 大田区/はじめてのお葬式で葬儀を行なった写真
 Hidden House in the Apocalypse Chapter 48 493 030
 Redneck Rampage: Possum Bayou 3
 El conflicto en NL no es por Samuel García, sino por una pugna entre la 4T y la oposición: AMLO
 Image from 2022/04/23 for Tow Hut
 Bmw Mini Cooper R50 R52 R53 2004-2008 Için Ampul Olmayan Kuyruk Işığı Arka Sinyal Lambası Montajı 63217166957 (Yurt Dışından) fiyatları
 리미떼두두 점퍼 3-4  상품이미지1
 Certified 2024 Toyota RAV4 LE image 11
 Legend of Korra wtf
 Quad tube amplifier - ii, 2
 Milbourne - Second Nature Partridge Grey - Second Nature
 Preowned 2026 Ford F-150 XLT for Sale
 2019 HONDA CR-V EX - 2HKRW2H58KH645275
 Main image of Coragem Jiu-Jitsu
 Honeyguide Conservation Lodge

+++

* Work request
Retype every line of the listing exactly as it appears.

* Your solution
 大田区/はじめてのお葬式で葬儀を行なった写真
 Hidden House in the Apocalypse Chapter 48 493 030
 Redneck Rampage: Possum Bayou 3
 El conflicto en NL no es por Samuel García, sino por una pugna entre la 4T y la oposición: AMLO
 Image from 2022/04/23 for Tow Hut
 Bmw Mini Cooper R50 R52 R53 2004-2008 Için Ampul Olmayan Kuyruk Işığı Arka Sinyal Lambası Montajı 63217166957 (Yurt Dışından) fiyatları
 리미떼두두 점퍼 3-4  상품이미지1
 Certified 2024 Toyota RAV4 LE image 11
 Legend of Korra wtf
 Quad tube amplifier - ii, 2
 Milbourne - Second Nature Partridge Grey - Second Nature
 Preowned 2026 Ford F-150 XLT for Sale
 2019 HONDA CR-V EX - 2HKRW2H58KH645275
 Main image of Coragem Jiu-Jitsu
 Honeyguide Conservation Lodge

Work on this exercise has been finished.